Perjalanan pun diteruskan semakin ke timur , dan sampailah di suatu tempat yang berawa-rawa yang kemudian disebut Dukuh Rawa Windu. Wirapati menugaskan beberapa prajuritnya pergi ke utara, untuk berjaga-jaga kalau-kalau prajurit Adipati Kumitir dari Tangkisan dating membantu Adipati Sabukmimang, sebab Kumitir adalah calon menantunya.

Tempat penjagaan itu disebut Dukuh Kalijaga (sampai sekarang lebih dikenal dengan nama Dukuh Kali Joho, yang kelak kemudian akan ada pos penjagaan dan ternyata sekarang telah berdiri Kantor Sektor Kepolisian, ini pertanda bahwa apa yang disebut-sebut orang sampai pada Jayabaya). Sedangkan Wirapati beserta prajurit lainnya meneruskan perjalanan ke Ibukota Cengkalsewu dengan mencari tempat yang dangkal (Bantar), tempat tersebut kemudian disebut Dukuh Bantar yang berarti dangkal.

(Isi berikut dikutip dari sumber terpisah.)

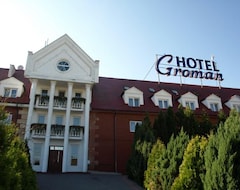 Hotel Groman (Raszyn, Poland)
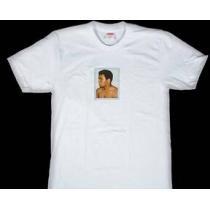 超人気　シュプリーム モハメド・アリ　着心地も抜群　Tシャツ　ホワイト.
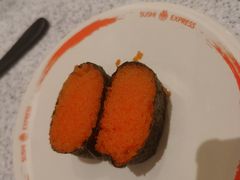 -争鲜回转寿司(太阳宫凯德PLUS店)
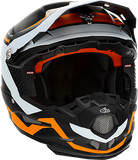 6D HELMETS ATR-2 Helmet - Drive - Neon Orange - 2XL 12-2759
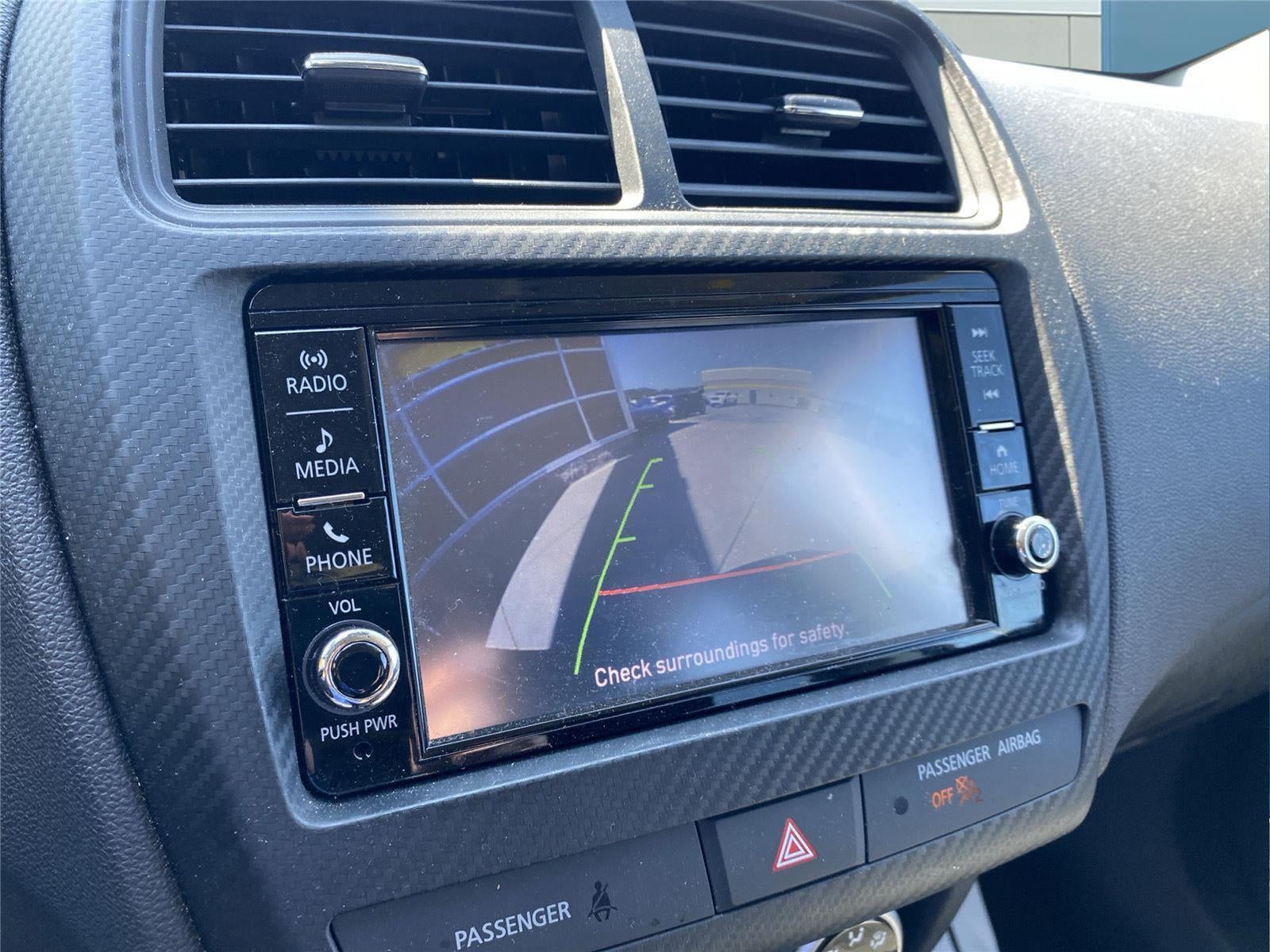 2025 Mitsubishi Outlander Sport ES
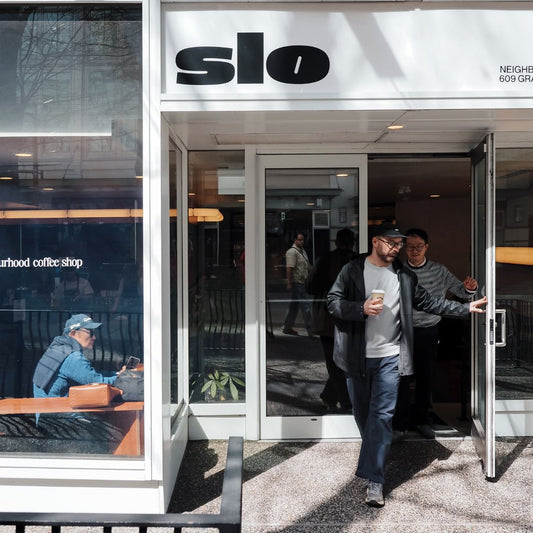 Meet: Slo Coffee
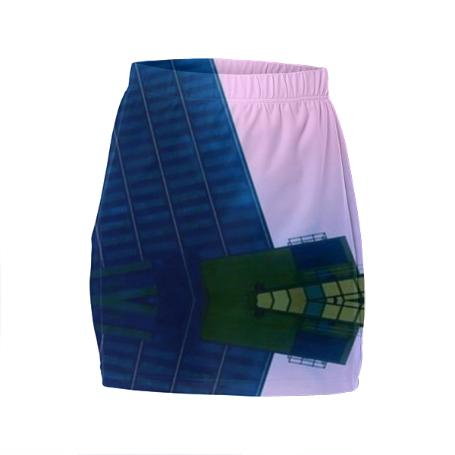 Mini Tube Skirt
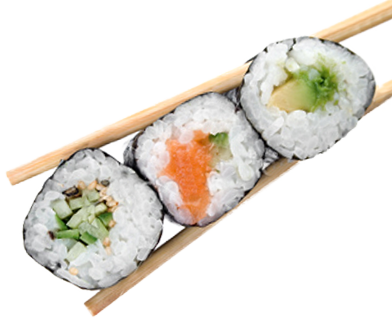 Sushi Background PNG Images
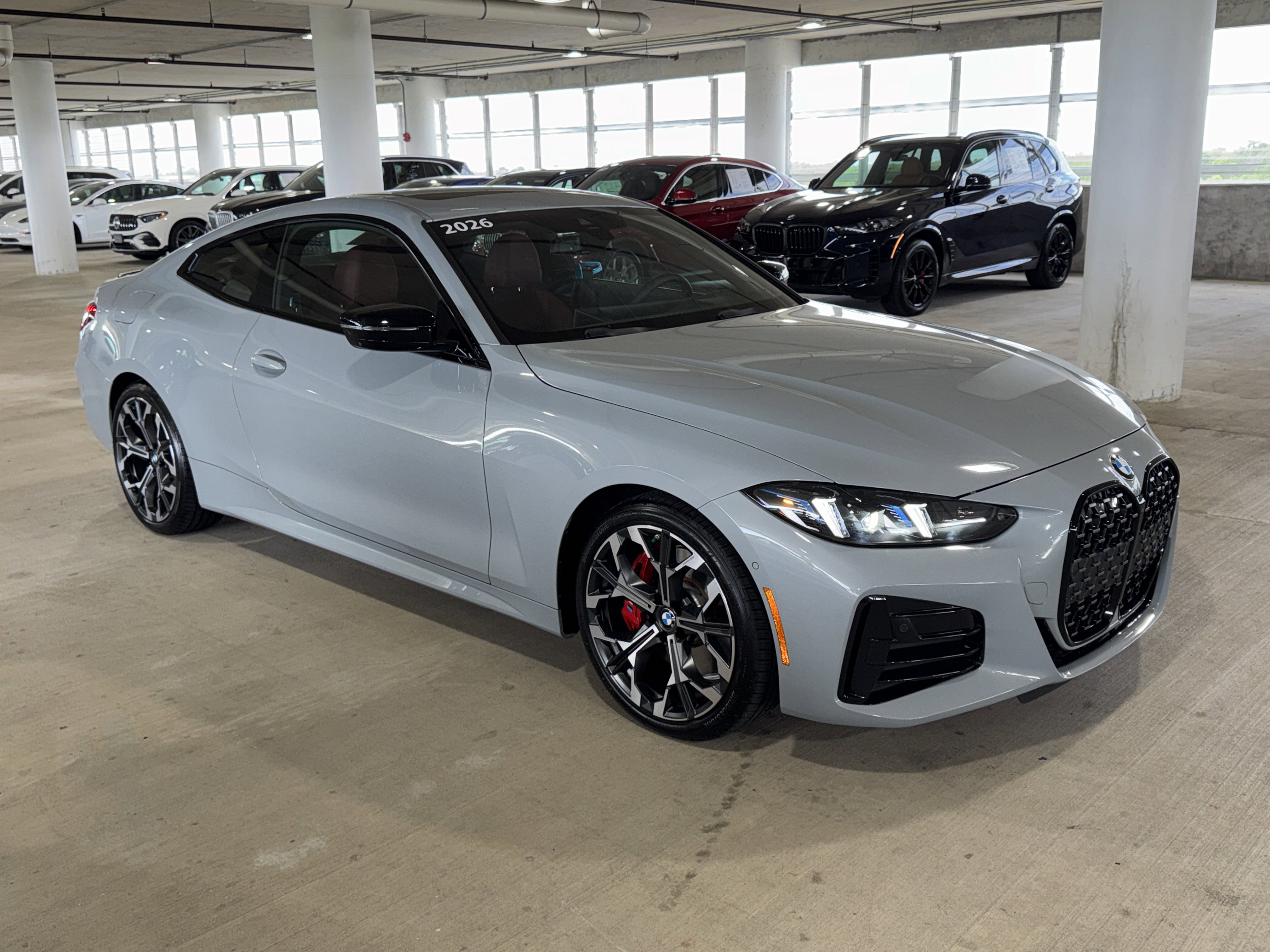 Used 2026 BMW 430i Coupe w/ M Sport Package image 2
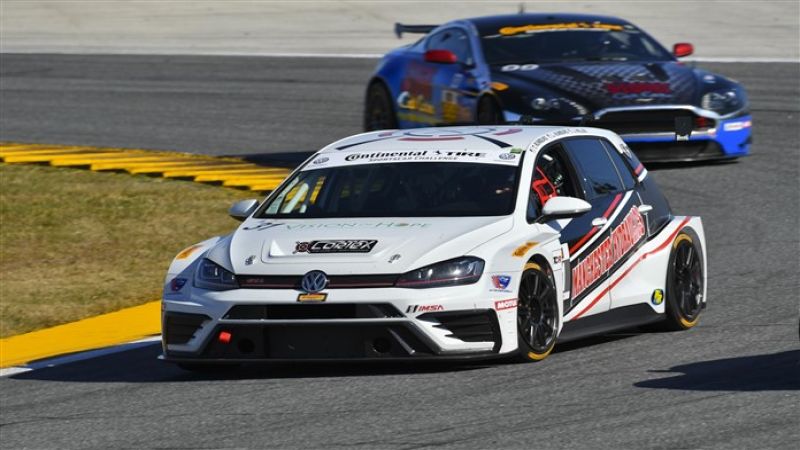 VW GTI TCR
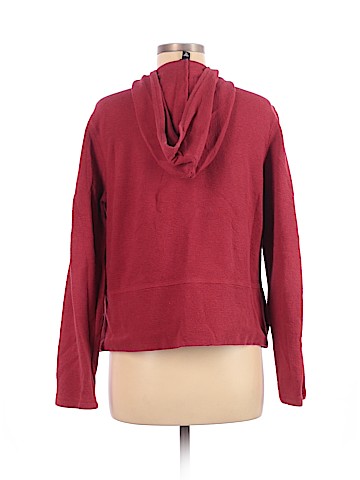 Eileen Fisher Zip Up Hoodie (view 2)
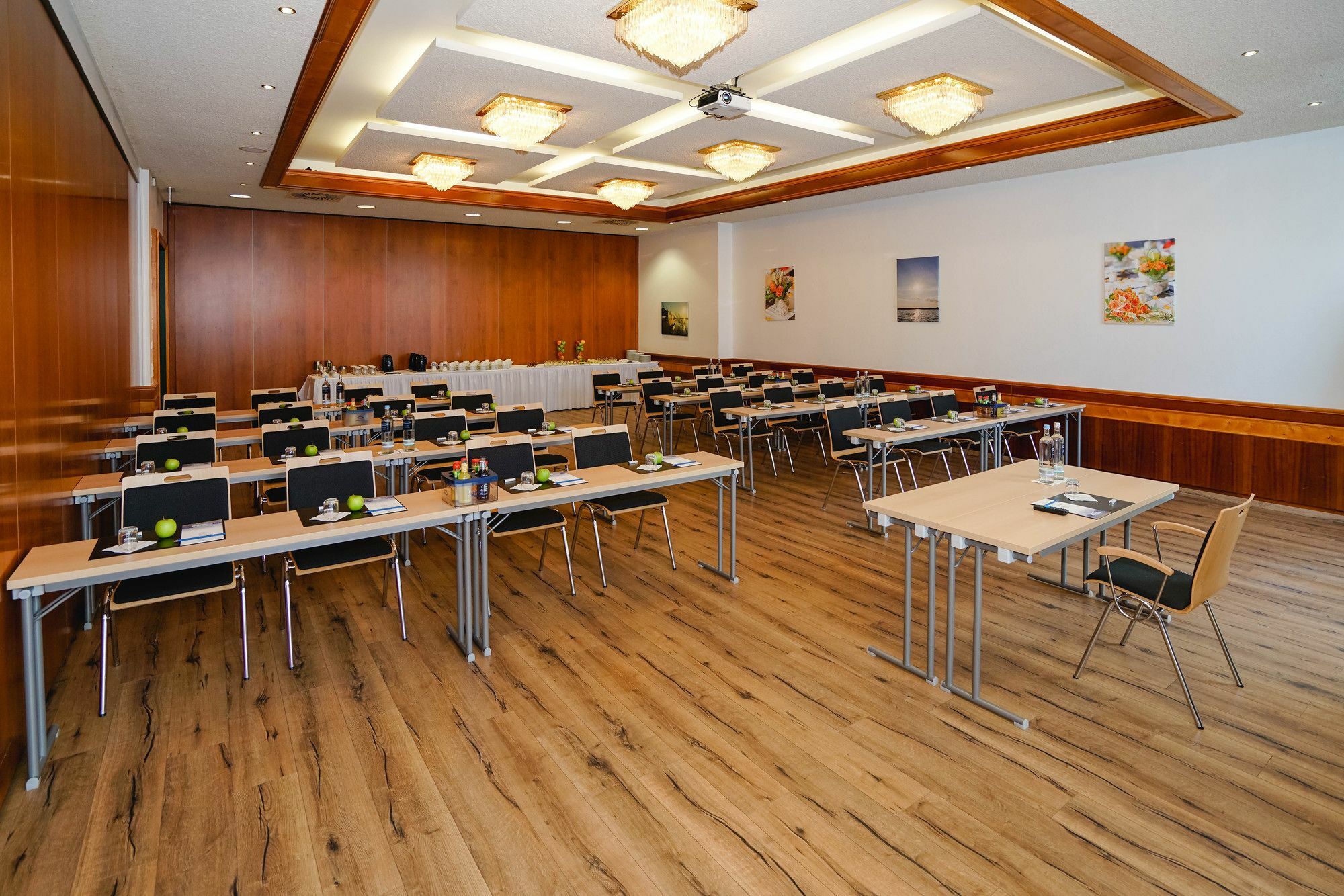 Seehotel Berlin-Rangsdorf Ngoại thất bức ảnh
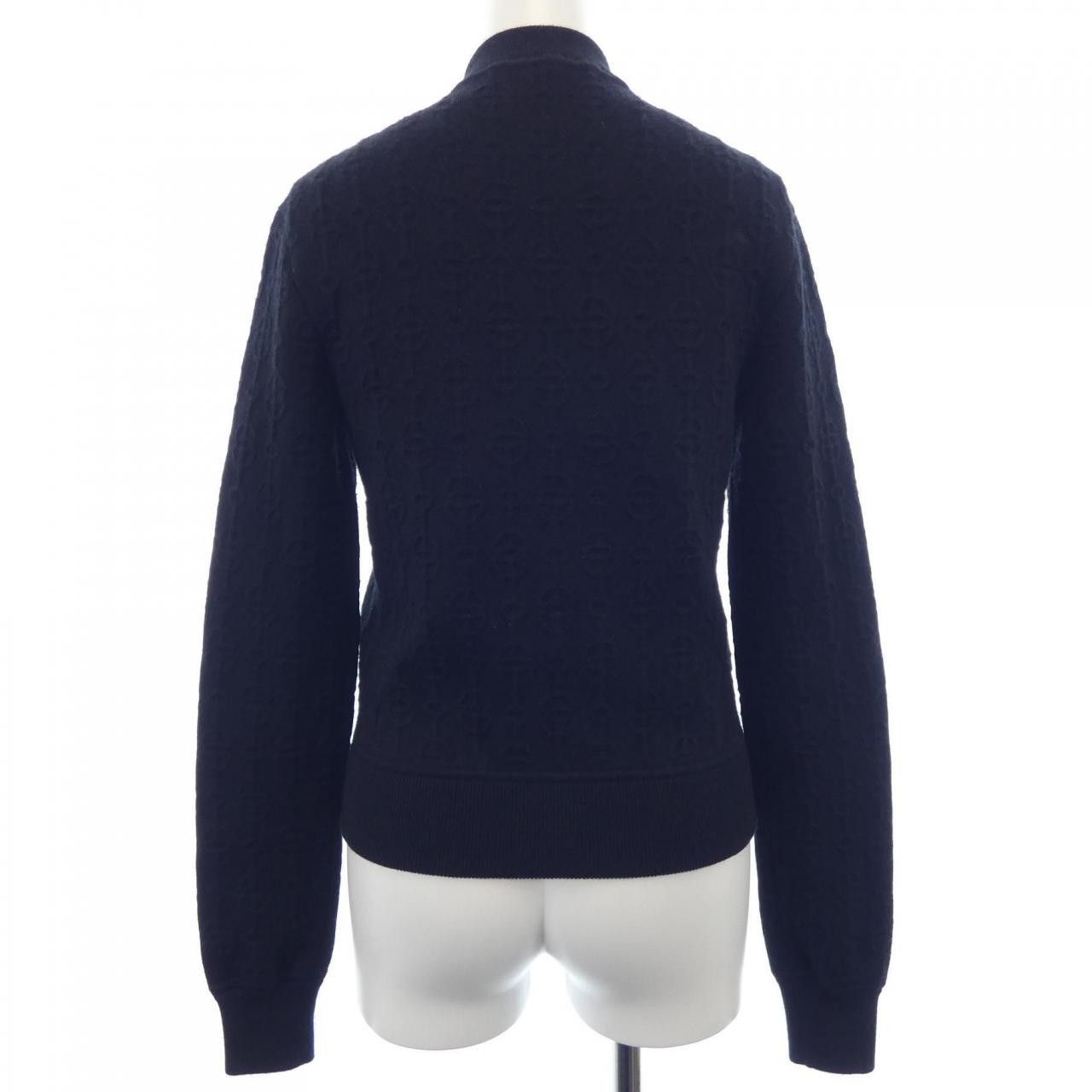 Hermes Hermes Hermes 2E2201D3 Cashmere Blend Blouson Others Outerwear DUTY FREE for USA Size ONE SIZE - 2 Thumbnail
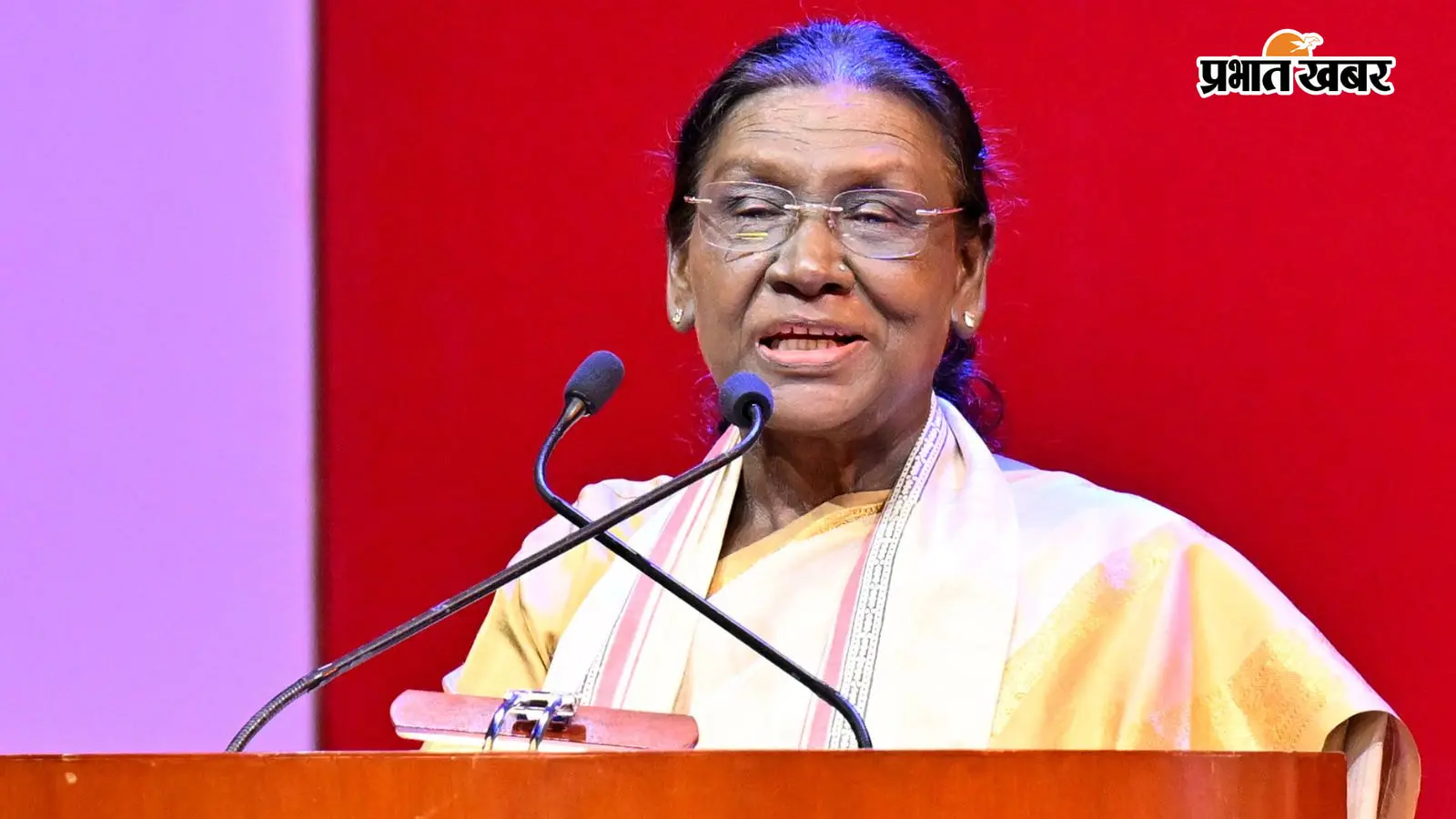 शिक्षक दिवस पर राष्ट्रपति का विशेष लेख: शिक्षक नियति के निर्माता, गढ़ते हैं भविष्य, वही हमारे आदर्श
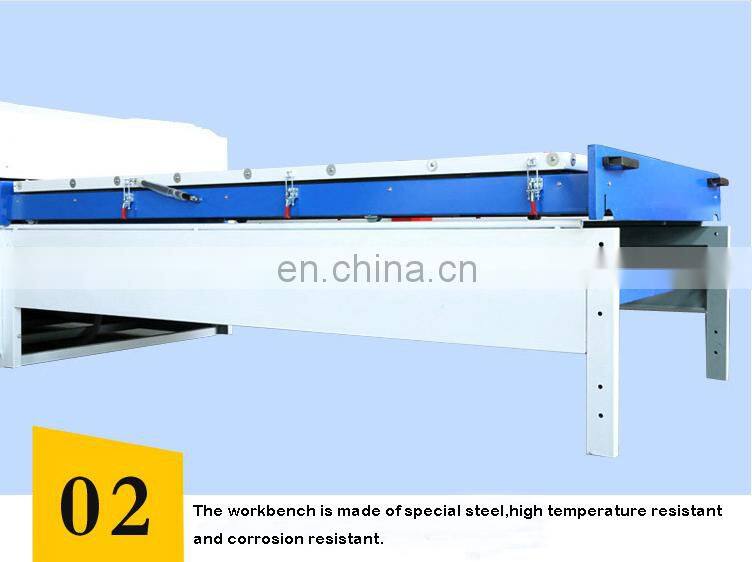 automatic kitchen cabinet wood door laminating machine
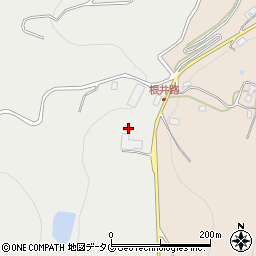 長崎県長崎市高浜町1126周辺の地図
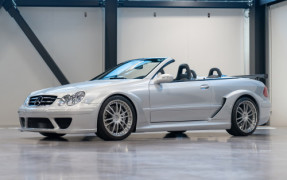 2006 Mercedes-Benz CLK DTM AMG Cabriolet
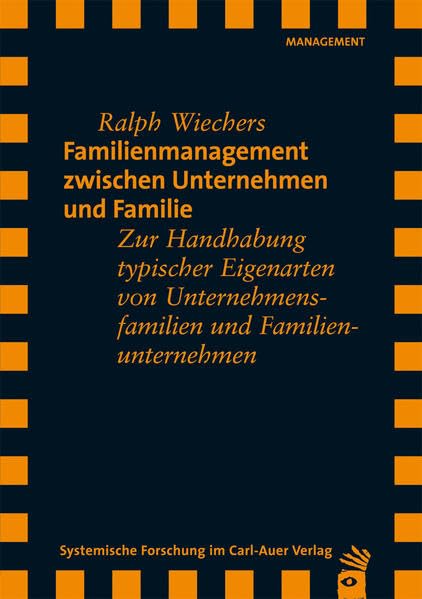 Familienmanagement zwischen Unternehmen und Familie Law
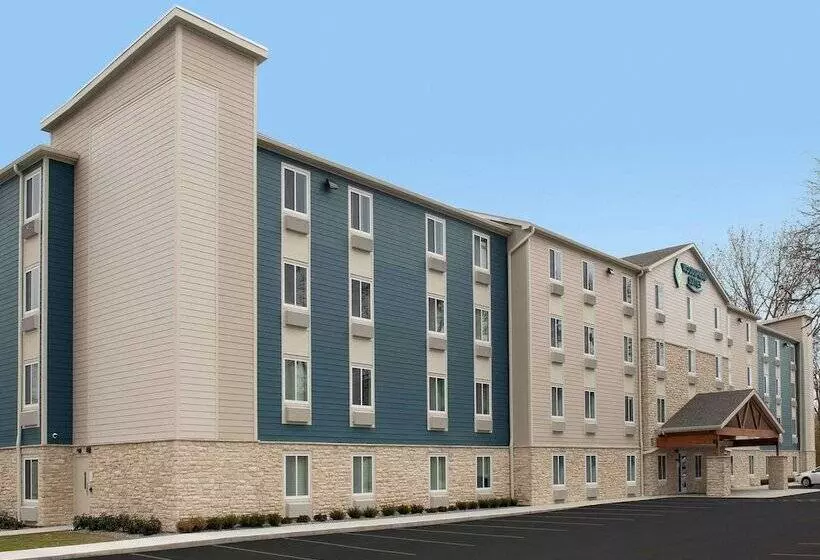 ホテル Woodspring Suites Atlanta Conyers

Setelah melewati Rawawindu, Wirapati mengutus prajurit sandi untuk mengukur jarak ke ibukota Kadipaten Cengkalsewu yang tinggal beberapa cengkal (ukuran panjang jaman dahulu), tempat itu kemudian disebut Dukuh Cengkal. Menurut laporan, pusat kadipaten sudah dekat, maka Wirapati bersama Prajurit Tonjong beristirahat disebuah tempat yang banyak tumbuh Pohon Kemiri, tempat tersebut lantas disebut Dukuh Kemiri yang kemudian menjadi Desa Karang Kemiri.

Peperangan pun berkobar antara prajurit Tonjong melawan Cengkalsewu. Kedua belah pihak dibantu oleh pengikut dan guru mereka. Ibukota Kadipaten Cengkalsewu menjadi pusat pertempuran. Pertempuran berjalan secara ksatria, jika sudah payah ataupun malam hari mereka beristirahat (gencatan senjata), lamanya peperangan sampai 7 (tujuh) hari, karena kekuatan mereka seimbang.

Dalam peperangan saling menggunakan aji (ilmu) mereka masing – masing untuk mengalahkan lawan. Namun suatu ketika Sabukmimang terdesak ke utara sampai ke Padepokan Kromong. Kesempatan ini tidak disi-siakan oleh Wirapati maka Kadipaten Cengkalsewu dibumihanguskan. Sabukmimang bersama Patik Sabukalu dan Gurunya Ki Lidig semakin terdesak.

Dalam suasana panik, putri Sabukmimang yang bernama Mayang Sari, melarikan diri ke arah utara untuk menyelamatkan diri. Karena mendengar ringkik kuda, ia pun berlindung dan masuk ke sebuah kandang. Penunggang kuda itu adalah Adipati Kumitir dari Tangkisan, calon suaminya sendiri (pacar). Kumitir berhenti dan turun dari kudanya karena tercium bau wangi di sekitar kandang.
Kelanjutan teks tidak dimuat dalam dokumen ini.